Extremely rare. A very elegant portrait and an interesting and finely executed
reverse composition. Perfectly struck and centred on a full flan.
Virtually as struck and almost Fdc

Ex Naville VIII, 1924, Bement, 1211 and Christie's 9th October 1984, 104. From the Karnak Hoard of 1901 and the collection of Victor Adda.
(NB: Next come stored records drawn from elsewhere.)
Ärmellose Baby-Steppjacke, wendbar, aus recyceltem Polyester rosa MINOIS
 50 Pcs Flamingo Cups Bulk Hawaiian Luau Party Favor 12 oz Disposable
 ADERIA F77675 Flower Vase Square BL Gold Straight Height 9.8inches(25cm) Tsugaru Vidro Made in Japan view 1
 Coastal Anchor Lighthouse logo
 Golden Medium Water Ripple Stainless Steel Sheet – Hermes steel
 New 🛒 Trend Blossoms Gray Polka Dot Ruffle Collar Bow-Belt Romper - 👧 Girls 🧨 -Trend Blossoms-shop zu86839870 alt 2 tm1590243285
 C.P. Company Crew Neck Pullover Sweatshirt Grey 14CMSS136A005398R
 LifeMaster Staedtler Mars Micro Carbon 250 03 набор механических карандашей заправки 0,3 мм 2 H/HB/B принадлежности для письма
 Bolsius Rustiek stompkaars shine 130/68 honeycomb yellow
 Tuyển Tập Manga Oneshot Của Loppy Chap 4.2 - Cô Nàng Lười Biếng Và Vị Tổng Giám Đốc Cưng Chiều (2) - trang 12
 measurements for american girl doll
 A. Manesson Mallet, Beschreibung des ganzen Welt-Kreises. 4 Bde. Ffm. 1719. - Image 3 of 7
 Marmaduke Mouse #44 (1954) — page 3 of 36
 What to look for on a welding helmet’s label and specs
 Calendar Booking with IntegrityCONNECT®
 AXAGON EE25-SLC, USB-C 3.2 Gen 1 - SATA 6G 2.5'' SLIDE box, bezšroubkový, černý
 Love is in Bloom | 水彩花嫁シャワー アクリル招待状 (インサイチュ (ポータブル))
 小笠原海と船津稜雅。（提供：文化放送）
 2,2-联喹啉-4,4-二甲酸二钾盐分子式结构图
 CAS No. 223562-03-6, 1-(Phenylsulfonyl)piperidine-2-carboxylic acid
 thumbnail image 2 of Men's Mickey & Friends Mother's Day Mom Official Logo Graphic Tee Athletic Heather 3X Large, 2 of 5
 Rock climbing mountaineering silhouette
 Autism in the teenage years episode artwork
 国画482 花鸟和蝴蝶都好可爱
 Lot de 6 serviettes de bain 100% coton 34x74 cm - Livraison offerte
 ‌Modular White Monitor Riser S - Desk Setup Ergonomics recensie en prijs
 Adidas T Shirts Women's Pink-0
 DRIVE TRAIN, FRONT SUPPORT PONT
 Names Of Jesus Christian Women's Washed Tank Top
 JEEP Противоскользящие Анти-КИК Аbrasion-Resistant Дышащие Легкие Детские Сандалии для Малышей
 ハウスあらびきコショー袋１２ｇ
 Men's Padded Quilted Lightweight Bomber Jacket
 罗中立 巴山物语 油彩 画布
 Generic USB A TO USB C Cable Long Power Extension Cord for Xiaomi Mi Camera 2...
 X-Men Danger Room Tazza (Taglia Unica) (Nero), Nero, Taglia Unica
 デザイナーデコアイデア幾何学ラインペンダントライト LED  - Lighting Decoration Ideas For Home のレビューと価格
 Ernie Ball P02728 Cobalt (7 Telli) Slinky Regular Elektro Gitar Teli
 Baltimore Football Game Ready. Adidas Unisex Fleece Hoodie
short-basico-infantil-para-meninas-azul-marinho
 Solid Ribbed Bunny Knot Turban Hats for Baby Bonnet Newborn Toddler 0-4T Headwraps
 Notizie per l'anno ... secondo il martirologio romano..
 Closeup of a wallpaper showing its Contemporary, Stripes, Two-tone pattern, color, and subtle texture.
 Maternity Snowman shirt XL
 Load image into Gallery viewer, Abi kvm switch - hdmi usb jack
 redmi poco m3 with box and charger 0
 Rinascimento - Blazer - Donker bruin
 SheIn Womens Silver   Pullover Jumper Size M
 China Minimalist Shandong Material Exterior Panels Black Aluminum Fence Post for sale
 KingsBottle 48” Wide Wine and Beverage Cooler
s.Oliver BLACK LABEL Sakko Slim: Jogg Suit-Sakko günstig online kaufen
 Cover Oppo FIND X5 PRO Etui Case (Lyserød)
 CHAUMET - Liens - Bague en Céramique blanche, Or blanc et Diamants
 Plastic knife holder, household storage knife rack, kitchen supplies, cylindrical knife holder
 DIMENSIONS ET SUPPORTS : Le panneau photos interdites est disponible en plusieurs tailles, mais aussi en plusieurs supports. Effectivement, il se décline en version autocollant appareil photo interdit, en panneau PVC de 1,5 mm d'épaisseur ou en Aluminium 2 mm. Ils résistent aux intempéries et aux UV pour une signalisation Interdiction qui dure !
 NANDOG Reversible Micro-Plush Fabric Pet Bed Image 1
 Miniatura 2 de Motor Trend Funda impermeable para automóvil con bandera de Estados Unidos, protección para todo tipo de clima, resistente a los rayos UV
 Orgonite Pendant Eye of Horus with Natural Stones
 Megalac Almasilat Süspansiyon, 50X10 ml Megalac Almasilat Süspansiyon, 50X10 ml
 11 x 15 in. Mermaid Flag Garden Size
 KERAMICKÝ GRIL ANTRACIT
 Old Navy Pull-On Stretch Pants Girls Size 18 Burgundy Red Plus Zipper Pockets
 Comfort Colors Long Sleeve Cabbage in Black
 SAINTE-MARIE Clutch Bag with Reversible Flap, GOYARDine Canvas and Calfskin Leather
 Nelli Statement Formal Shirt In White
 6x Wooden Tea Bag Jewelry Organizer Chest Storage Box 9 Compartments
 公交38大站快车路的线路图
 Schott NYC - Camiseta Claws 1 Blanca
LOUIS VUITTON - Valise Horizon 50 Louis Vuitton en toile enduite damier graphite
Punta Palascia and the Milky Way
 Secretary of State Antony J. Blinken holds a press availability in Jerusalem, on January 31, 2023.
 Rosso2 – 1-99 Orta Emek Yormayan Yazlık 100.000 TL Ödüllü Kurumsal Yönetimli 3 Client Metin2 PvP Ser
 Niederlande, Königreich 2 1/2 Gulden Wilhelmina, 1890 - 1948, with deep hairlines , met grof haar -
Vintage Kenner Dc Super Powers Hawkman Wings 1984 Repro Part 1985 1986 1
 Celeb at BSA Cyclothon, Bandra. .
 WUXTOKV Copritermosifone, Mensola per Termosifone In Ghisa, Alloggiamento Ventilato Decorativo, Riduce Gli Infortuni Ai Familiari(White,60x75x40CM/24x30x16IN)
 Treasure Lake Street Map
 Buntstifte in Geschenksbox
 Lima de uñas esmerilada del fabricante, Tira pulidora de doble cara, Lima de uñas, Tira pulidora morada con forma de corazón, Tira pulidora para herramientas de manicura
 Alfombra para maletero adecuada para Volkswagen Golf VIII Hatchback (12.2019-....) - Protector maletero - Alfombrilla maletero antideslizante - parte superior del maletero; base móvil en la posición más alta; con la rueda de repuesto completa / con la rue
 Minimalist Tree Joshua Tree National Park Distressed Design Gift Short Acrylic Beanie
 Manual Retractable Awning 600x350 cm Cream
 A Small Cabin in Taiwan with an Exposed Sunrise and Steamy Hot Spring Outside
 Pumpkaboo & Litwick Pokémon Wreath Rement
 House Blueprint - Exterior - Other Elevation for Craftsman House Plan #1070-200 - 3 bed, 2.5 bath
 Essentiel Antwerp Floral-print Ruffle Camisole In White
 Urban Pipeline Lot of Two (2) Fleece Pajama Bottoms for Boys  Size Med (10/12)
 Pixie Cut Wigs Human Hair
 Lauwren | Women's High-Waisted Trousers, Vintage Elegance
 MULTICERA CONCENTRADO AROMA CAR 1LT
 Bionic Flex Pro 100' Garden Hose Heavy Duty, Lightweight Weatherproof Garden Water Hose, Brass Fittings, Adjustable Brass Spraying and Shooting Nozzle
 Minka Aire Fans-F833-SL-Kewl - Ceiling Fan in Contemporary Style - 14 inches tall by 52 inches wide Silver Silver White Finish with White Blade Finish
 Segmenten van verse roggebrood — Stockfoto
On 28 January 198 AD, the nine-year-old Caracalla was appointed co-Augustus to rule alongside his father, Septimius Severus. His given name had been L. Septimius Bassianus, but upon his father's seizure of power he was renamed Marcus Aurelius Antoninus, as on the present aureus, to establish a false link to the legitimacy of the defunct Antonine dynasty. He was nicknamed Caracalla by the soldiers due to a hooded Gallic cloak that he habitually wore. The reverse type depicts Caracalla driving a quadriga, wearing the cloak and holding the winged eagle sceptre as emblems of a triumphing general. It celebrates his involvement in the triumph of Septimius Severus over the Parthian Empire that took place in the same year as Caracalla's elevation to the rank of Augustus. Despite the fact that the event immortalized on the coin took place more than half a decade earlier, the Parthian triumph was frequently invoked on Severan coinage and was made current again by the completion of the Triumphal Arch of Septimius Severus in 203. It is somewhat ironic that Caracalla appears on the reverse of this coin triumphing over the Parthians in a war that was really fought by his father in 195-197. When Caracalla later embarked on his own Parthian campaign in 216-217, it ended in anything but triumph. Although he claimed his own victory and assumed the title of Parthicus Maximus, in April 217 he was struck down by a disgruntled soldier while urinating by the roadside. With the loss of its commander, the army could not stand up to the returning Parthian forces. The new emperor, Macrinus, was forced to pay an estimated 50 million denarii in return for permitting the army to withdraw from Parthian territory.